**ASSIGNMENT**
From the first line to the last, restate every record word for word, leaving out the pictures.

**MATERIAL FOR THE TASK**

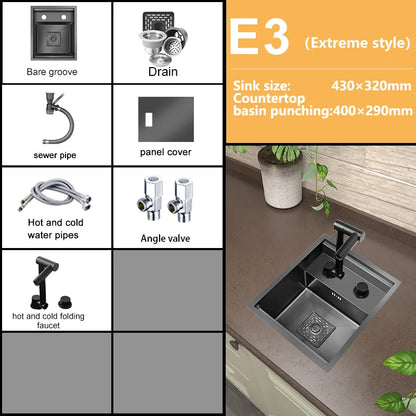 Small Hidden Sink Stainless Steel Kitchen Sink Mini Bar Single Slot Touring Car Wash Basin With Cover Plate Apartment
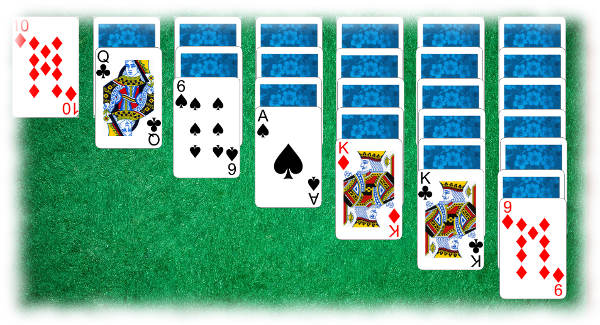 Spiderette solitaire layout (Solitaire Whizz for iPad)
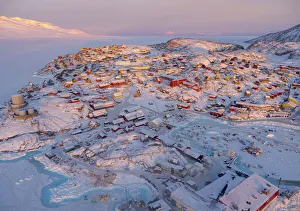 Greenland Prints: Town Uummannaq during winter in northern West Greenland beyond the Arctic Circle
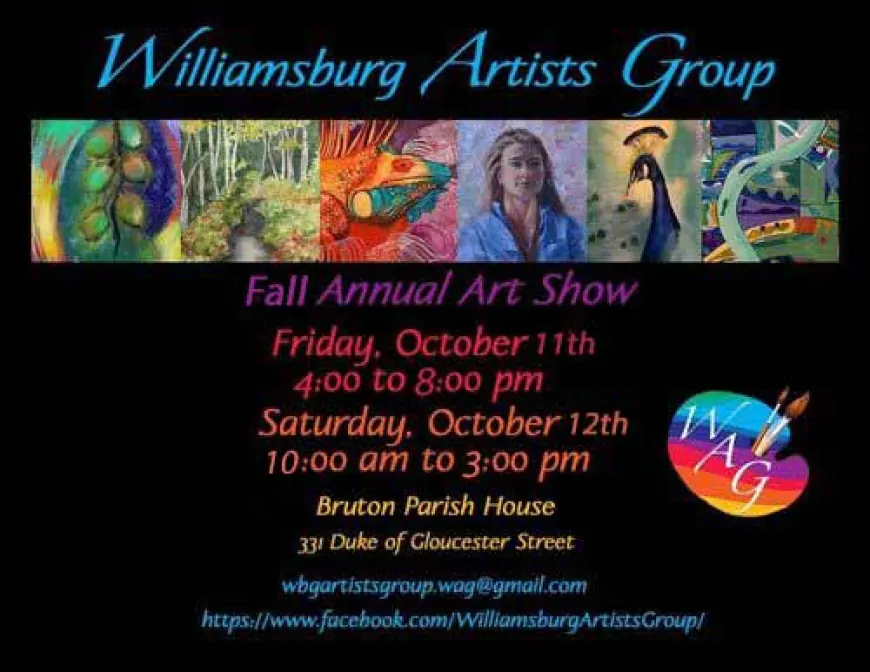 Williamsburg Artist Group – Art Sale at Bruton Parish House – Friday October 11 & Saturday October 12, 2024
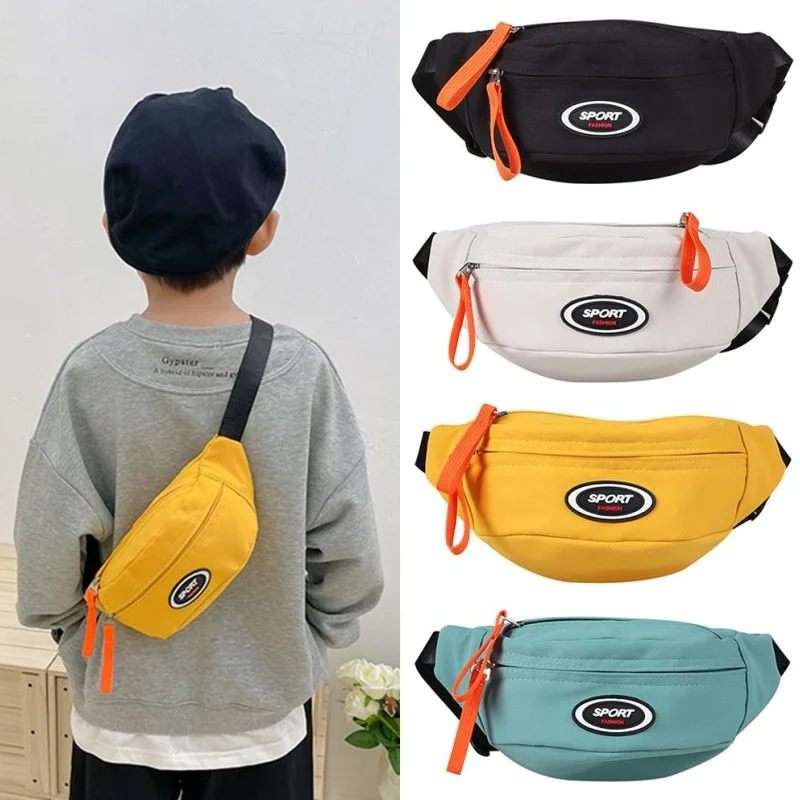 New Fashion Cute Children's Chest Bag One Shoulder Crossbody Fanny Pack Canvas Diagonal Bag Girl Boy Zipper Bag Coin Purse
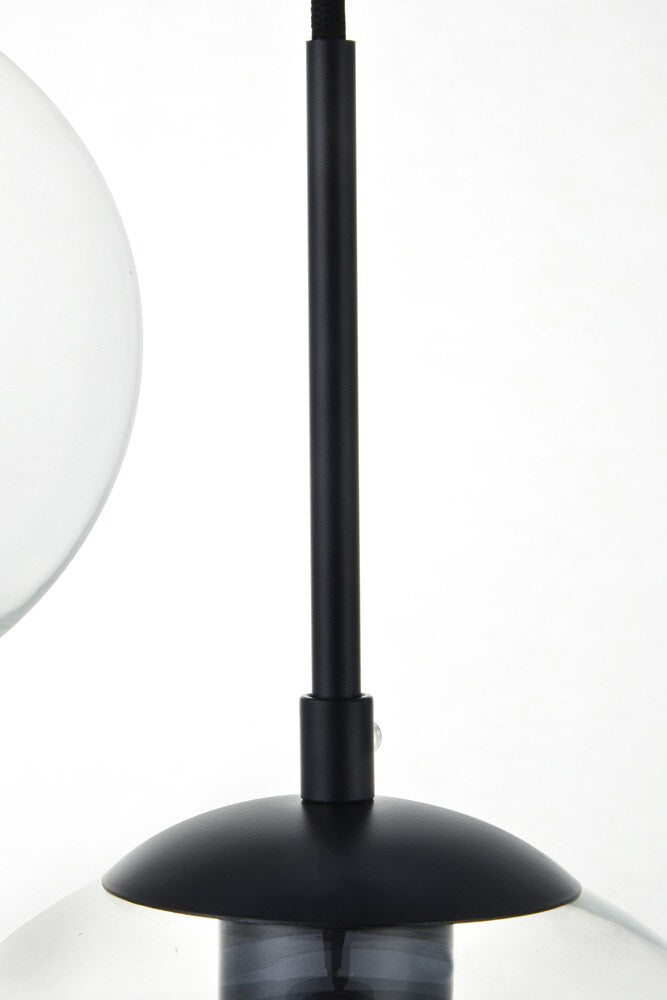 Elegant Furniture & Lighting - Baxter 5 Lights Black Pendant With Clear Glass - LD2228BK veiw 6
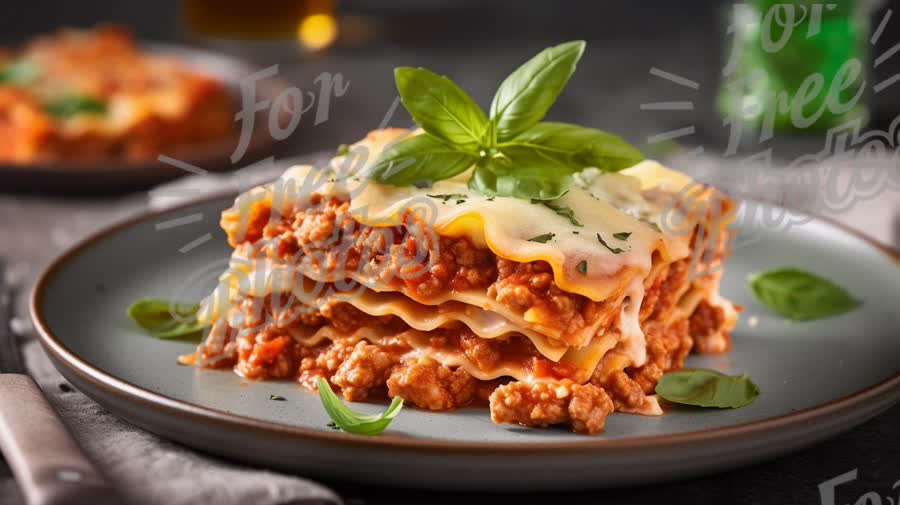 Delicious Homemade Lasagna with Fresh Basil on a Rustic Plate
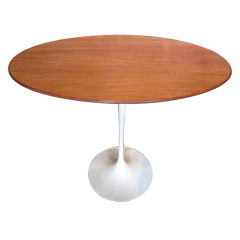 Oval Teak Side Table By Eero Saarinen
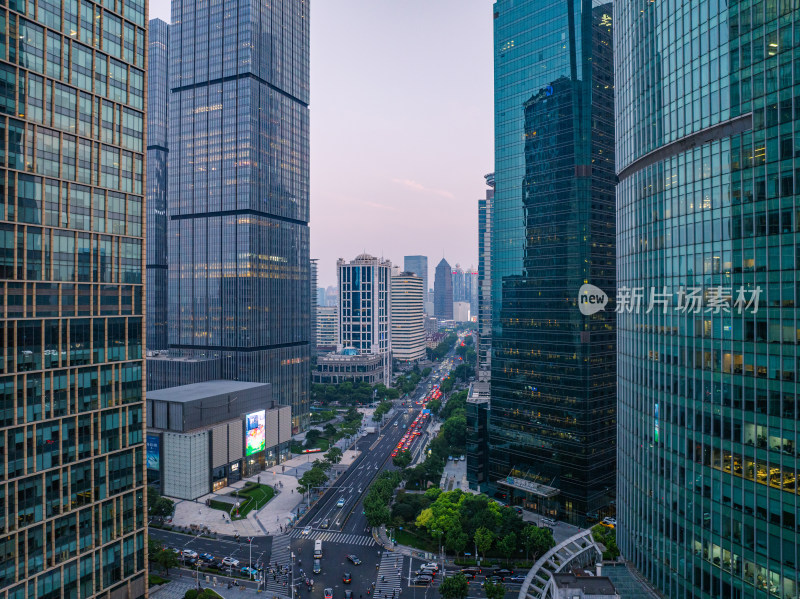 航拍上海陆家嘴高金融中心密集高楼群夜景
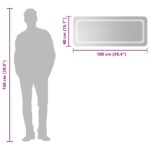 vidaXL Zrkadlo do kúpeľne s LED Priehľadná 100 x 40 cm tvrdené sklo – Obrázok 6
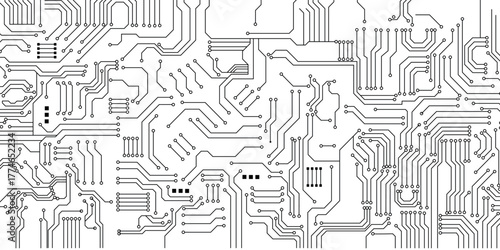Abstract black circuit board technology connected lines electronics elements computer motherboard chip processor semiconductor digital on white background vector illustration
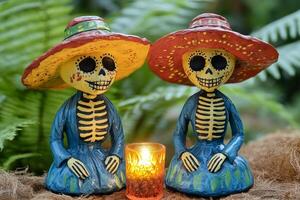 Traditional Day of the Dead figures in vibrant costumes illuminated by candlelight in a mystical forest setting photo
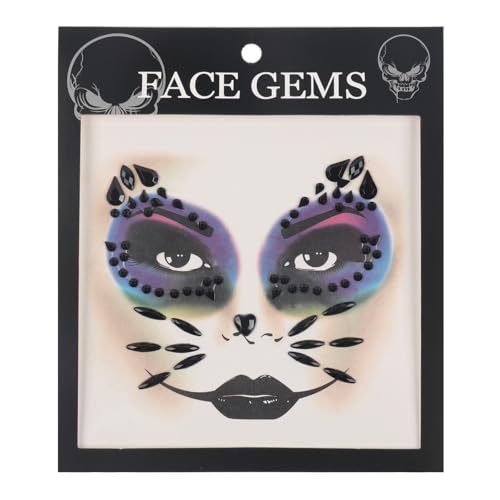 Halloween Face Gems Black Rhinestone Temporary Tattoo Stickers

**TASK OUTPUT**
 Small Hidden Sink Stainless Steel Kitchen Sink Mini Bar Single Slot Touring Car Wash Basin With Cover Plate Apartment
 Spiderette solitaire layout (Solitaire Whizz for iPad)
 Greenland Prints: Town Uummannaq during winter in northern West Greenland beyond the Arctic Circle
 Williamsburg Artist Group – Art Sale at Bruton Parish House – Friday October 11 & Saturday October 12, 2024
 New Fashion Cute Children's Chest Bag One Shoulder Crossbody Fanny Pack Canvas Diagonal Bag Girl Boy Zipper Bag Coin Purse
 Elegant Furniture & Lighting - Baxter 5 Lights Black Pendant With Clear Glass - LD2228BK veiw 6
 Delicious Homemade Lasagna with Fresh Basil on a Rustic Plate
 Oval Teak Side Table By Eero Saarinen
 航拍上海陆家嘴高金融中心密集高楼群夜景
 vidaXL Zrkadlo do kúpeľne s LED Priehľadná 100 x 40 cm tvrdené sklo – Obrázok 6
Abstract black circuit board technology connected lines electronics elements computer motherboard chip processor semiconductor digital on white background vector illustration
 Traditional Day of the Dead figures in vibrant costumes illuminated by candlelight in a mystical forest setting photo
 Halloween Face Gems Black Rhinestone Temporary Tattoo Stickers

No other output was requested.